(Entries taken from a collection)
--------------------------------------------------

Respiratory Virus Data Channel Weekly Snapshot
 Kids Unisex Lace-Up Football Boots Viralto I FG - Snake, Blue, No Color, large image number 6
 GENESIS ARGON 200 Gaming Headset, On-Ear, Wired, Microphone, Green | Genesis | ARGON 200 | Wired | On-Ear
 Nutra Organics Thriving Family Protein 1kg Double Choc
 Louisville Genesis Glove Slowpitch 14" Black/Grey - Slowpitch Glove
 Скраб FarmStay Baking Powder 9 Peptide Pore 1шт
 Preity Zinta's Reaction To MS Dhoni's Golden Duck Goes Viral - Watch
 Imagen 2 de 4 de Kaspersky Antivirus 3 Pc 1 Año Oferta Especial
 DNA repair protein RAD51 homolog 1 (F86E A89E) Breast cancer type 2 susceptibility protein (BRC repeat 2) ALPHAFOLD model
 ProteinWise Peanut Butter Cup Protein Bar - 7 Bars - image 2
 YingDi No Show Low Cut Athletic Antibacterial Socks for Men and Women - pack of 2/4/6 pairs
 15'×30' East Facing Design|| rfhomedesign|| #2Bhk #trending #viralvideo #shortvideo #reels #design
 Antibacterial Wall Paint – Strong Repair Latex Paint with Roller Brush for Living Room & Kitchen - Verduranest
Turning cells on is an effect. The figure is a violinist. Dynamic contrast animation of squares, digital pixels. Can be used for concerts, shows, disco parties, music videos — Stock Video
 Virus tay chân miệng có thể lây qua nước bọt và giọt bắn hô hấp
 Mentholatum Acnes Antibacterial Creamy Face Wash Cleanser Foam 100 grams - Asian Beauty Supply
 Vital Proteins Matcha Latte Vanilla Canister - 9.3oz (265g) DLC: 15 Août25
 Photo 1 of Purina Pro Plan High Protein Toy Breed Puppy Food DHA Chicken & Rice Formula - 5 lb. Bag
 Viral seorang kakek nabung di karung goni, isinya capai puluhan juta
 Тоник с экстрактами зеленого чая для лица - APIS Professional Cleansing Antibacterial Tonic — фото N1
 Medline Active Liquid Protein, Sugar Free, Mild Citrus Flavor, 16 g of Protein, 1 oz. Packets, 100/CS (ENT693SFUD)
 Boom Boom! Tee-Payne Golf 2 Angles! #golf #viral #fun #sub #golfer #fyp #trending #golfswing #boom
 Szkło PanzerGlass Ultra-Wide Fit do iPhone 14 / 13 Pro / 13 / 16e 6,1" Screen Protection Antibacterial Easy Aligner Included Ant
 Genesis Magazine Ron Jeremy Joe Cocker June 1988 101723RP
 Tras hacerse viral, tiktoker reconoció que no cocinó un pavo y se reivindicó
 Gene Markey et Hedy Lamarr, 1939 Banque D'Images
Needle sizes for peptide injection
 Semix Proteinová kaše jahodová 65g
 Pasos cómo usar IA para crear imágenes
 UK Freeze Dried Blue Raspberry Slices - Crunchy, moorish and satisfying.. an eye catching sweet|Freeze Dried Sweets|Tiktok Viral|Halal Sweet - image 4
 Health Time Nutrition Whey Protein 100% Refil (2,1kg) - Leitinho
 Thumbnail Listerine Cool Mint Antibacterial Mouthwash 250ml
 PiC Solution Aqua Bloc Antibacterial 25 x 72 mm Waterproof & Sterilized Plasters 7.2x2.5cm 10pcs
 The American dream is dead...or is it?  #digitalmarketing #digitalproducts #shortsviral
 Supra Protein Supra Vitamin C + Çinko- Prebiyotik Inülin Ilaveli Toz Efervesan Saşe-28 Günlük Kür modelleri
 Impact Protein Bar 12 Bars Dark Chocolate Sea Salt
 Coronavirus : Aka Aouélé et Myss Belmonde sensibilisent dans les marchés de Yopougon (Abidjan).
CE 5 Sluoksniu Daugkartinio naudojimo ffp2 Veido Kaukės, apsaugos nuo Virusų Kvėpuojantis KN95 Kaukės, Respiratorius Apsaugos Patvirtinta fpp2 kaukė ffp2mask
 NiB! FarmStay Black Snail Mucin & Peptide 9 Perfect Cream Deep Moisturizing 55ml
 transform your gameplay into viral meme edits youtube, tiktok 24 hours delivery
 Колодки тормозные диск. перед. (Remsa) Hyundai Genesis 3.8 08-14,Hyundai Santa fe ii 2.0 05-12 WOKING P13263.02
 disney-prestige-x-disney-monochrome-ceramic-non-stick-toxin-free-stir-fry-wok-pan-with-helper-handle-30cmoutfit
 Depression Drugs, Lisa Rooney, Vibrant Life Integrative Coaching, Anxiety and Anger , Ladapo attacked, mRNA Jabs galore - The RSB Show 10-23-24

--------------------------------------------------

The lines you need are those with the word "Blue"; list them from the entries.

# RESPONSE AREA
 Kids Unisex Lace-Up Football Boots Viralto I FG - Snake, Blue, No Color, large image number 6
 UK Freeze Dried Blue Raspberry Slices - Crunchy, moorish and satisfying.. an eye catching sweet|Freeze Dried Sweets|Tiktok Viral|Halal Sweet - image 4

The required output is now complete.